I can pitch a fit. I don't often do it, because I am a champion at backing quickly away from situations that will make me mad. I don't like being angry, and I just tend to avoid volatile situations, volatile people. I figure that I've got an awful lot to be grateful for, so I try to keep my focus there, and generally, I do a decent job of that.
I was sad about Kathy. Cancer robbed her, you know. She had just retired; she was going to do things, and travel and spend time with her children and grandchildren. That didn't happen. She loved to talk. And listen. The surgery damaged her speech center, and robbed her of her words. You just hope against hope that there will be a miracle...and then there is not one. So, I was shocked, and upset, and sad, and...well...I was mad. No other word for it. I was mad.

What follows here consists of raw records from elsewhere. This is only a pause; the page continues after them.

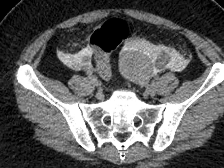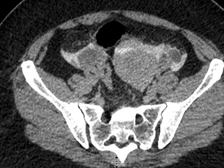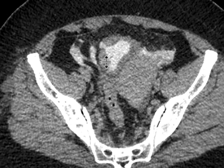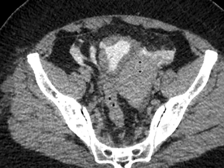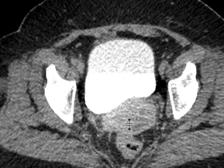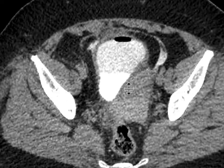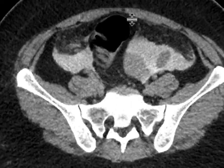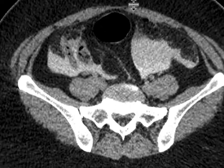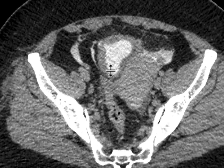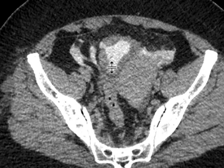Going all the way down, we can see high-density contrast, and right here at the anterolateral aspect of the bladder dome, a very discrete defect compatible with a bladder injury. Given the location and distribution of contrast, this is compatible with an intraperitoneal bladder rupture, for which surgery is required.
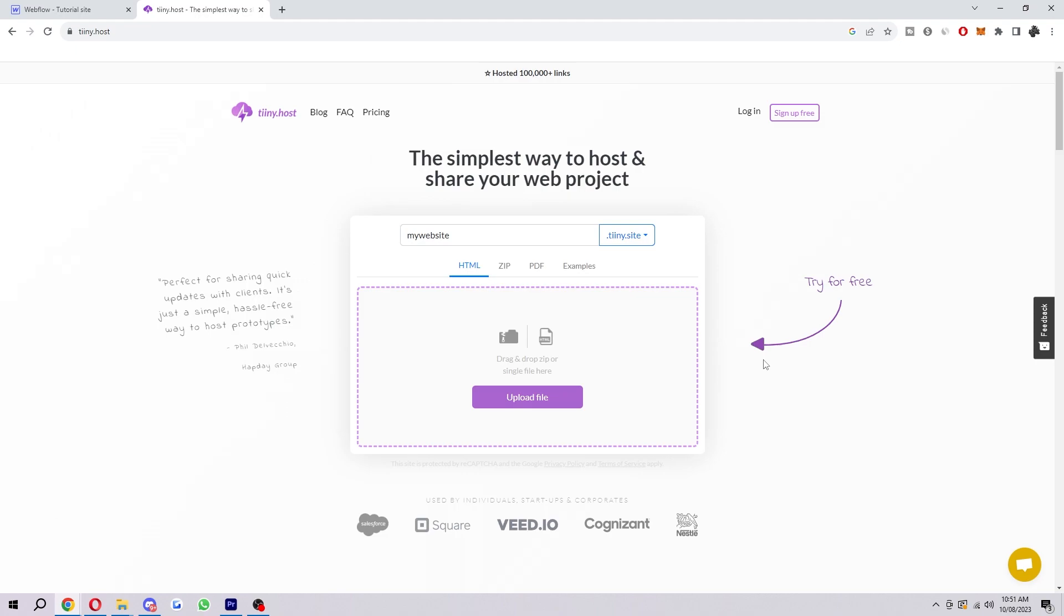Once you've done that, you'll have successfully taken the code from your Webflow website and hosted it on a different platform. I hope you found this video helpful and successfully managed to do that. If you did, please comment down below to say that this video helped you out. And like and subscribe for more content like this. Thank you for watching.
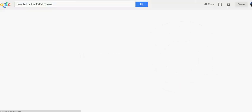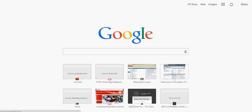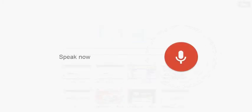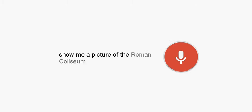How tall is the Eiffel Tower? Show me a picture of the Rome Colosseum.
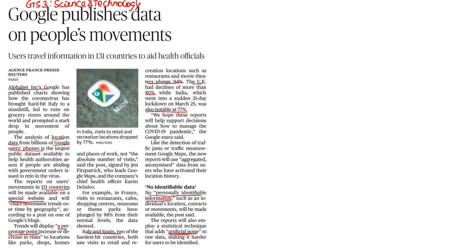Next: Google publishes data on people's movements in 131 countries. In India, movements have reduced significantly across commercial places, restaurants, parks, etc. This is measured on a percentage basis.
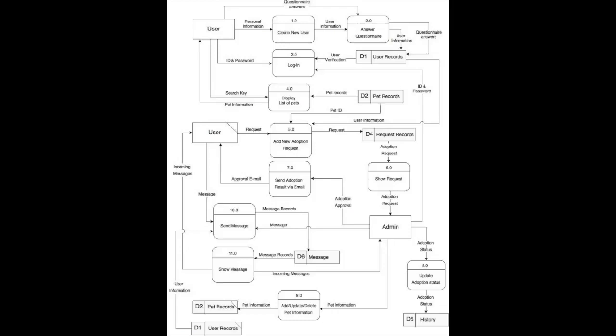The fourth process is list of pets. Users need to insert keywords and the fourth process will bring pet records from data store animal and show pet information to user.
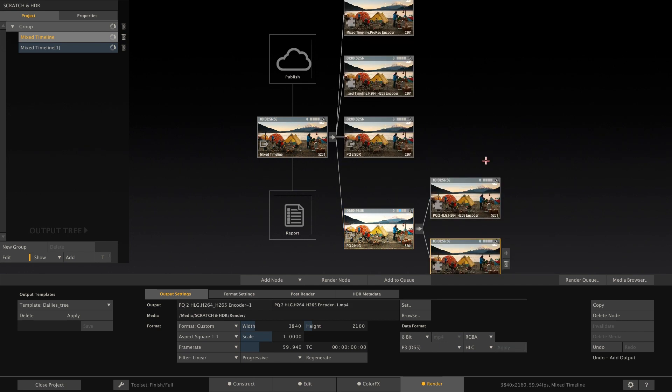This way we can output SDR and HLG versions from our PQ-based grade. This concludes the tutorial about HDR workflows in Scratch, hope this was useful to you and see you next time. Bye!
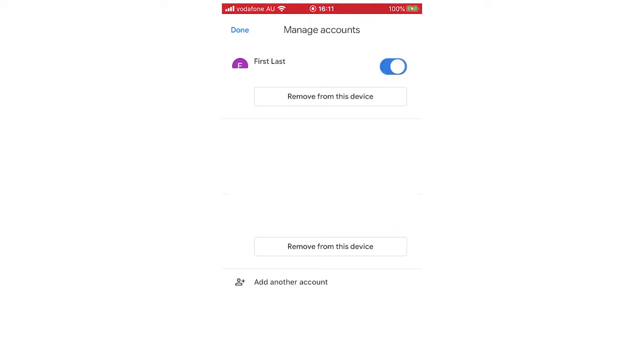But you can also click remove from this device. What that will do is remove this account from the device on all the other Google related apps on the phone.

I went to my last literature class. I came home. I went down to the new house and I scrubbed like crazy, and I was mad at God. It's a good combination, cleaning and being mad. I get a lot accomplished when I'm mad. As I wore myself out, I began to feel better, and the radio played a song:
It started then. I cried, and I cried, and I cried. I sat right down in the middle of the room, and I cried for my friend. I know that she is in better hands now. I understand that I'm not in charge of the universe. That's Somebody Else's job. So, in the end, I came to the same conclusion that I've been coming to for the past 30+ years: I have to trust that He knows what He's doing.
I got up and scrubbed some more, but it was different. I wasn't mad anymore. Still sad. An Amish buggy clip-clopped down the brick street in front of the house. I wondered how many times the house had beheld that sight...it's a hundred years old. And then I wondered how many times it had surrounded a person while she cried. And what happens to laughter? Are there a hundred years of laughter held in the sturdy walls? The neat thing about old houses is that you can bet that babies were born in those rooms. You can bet that people died there too. It's stood fast in countless storms. I began to feel that this house was very wise, standing in silent witness to all these things, all these occasions.

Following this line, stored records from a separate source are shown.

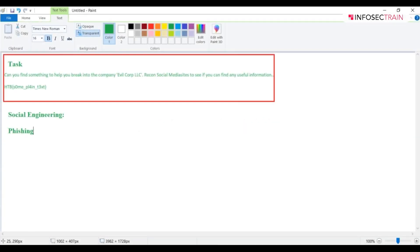Phishing is a cyber crime in which targets are contacted by email, telephone, or text messages by someone posing as a legitimate person or institution to lure individuals into providing sensitive data.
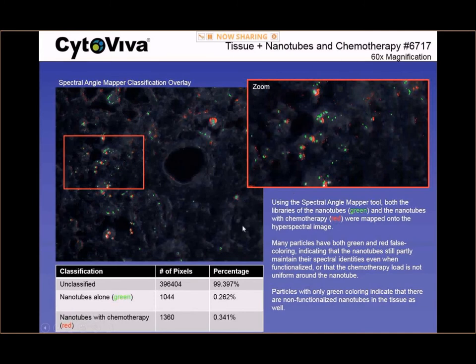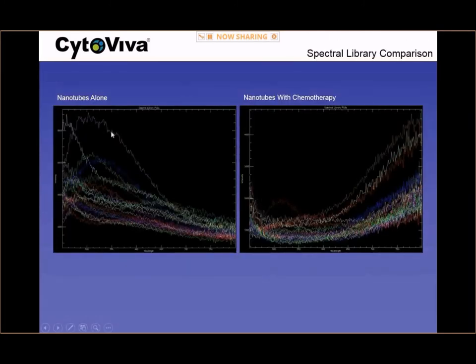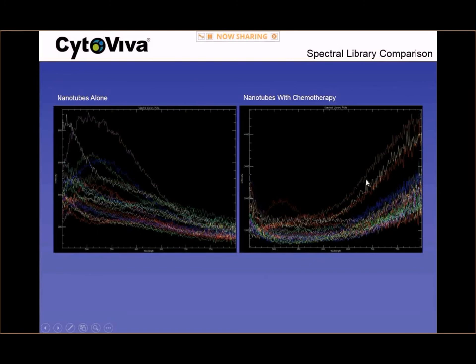This research group was able to prove using this technique that carbon nanotubes with chemotherapy localized in very specific areas of the tissue and the chemotherapy was there and being released from the carbon nanotubes. This is a very significant dataset and very helpful in pharmacokinetic studies related to nano-drug delivery. The spectral library shows that nanotubes alone produce a distinctly different spectral response when normalized compared to nanotubes with the chemotherapy, showing how dramatically different the chemotherapy affects the nanotube spectrum.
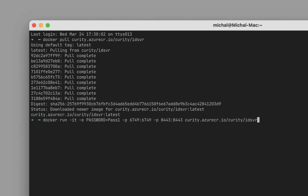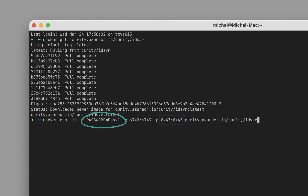Here we expose two ports: 6749 is the default admin UI port and 8443 is the runtime port. We also set a password for the admin user in an environment variable.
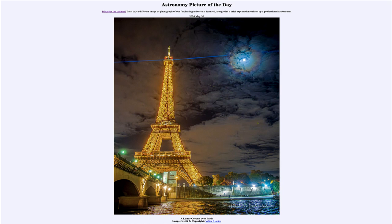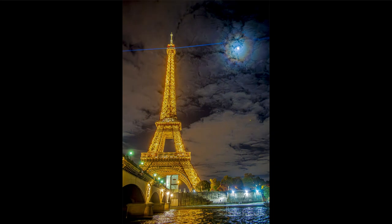So what do we see here? In the foreground, of course, we see the Eiffel Tower in Paris, France. You can see the beacons across the top of it pointing out into the sky opposite to each other, and one of them is pointing in the general direction of our moon.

Maybe it will happen to me, too. I smiled a little to think of it.
When I moved from the room that I'd just cleaned to the next room, I dragged the ladder to the adjoining room. I picked up all the cleaning supplies. I gave the room one final sweeping, and then I shut the door behind me. I had my back turned to the door and was reaching in the bucket for my rag to start cleaning when suddenly, there was a very loud thump on the door behind me, the door I just closed. It scared the mess right out of me. I stood looking at the door, shocked. There was no other noise. I slowly opened the door. The room was completely empty, just as I'd expected it to be. Just as I'd left it, just moments before.
I'm a rational person. I don't know what that noise was, but I figured that the house couldn't possibly be mad at me. I'm doing a heck of a nice cleaning job. So I closed the door once again, and I went back to work.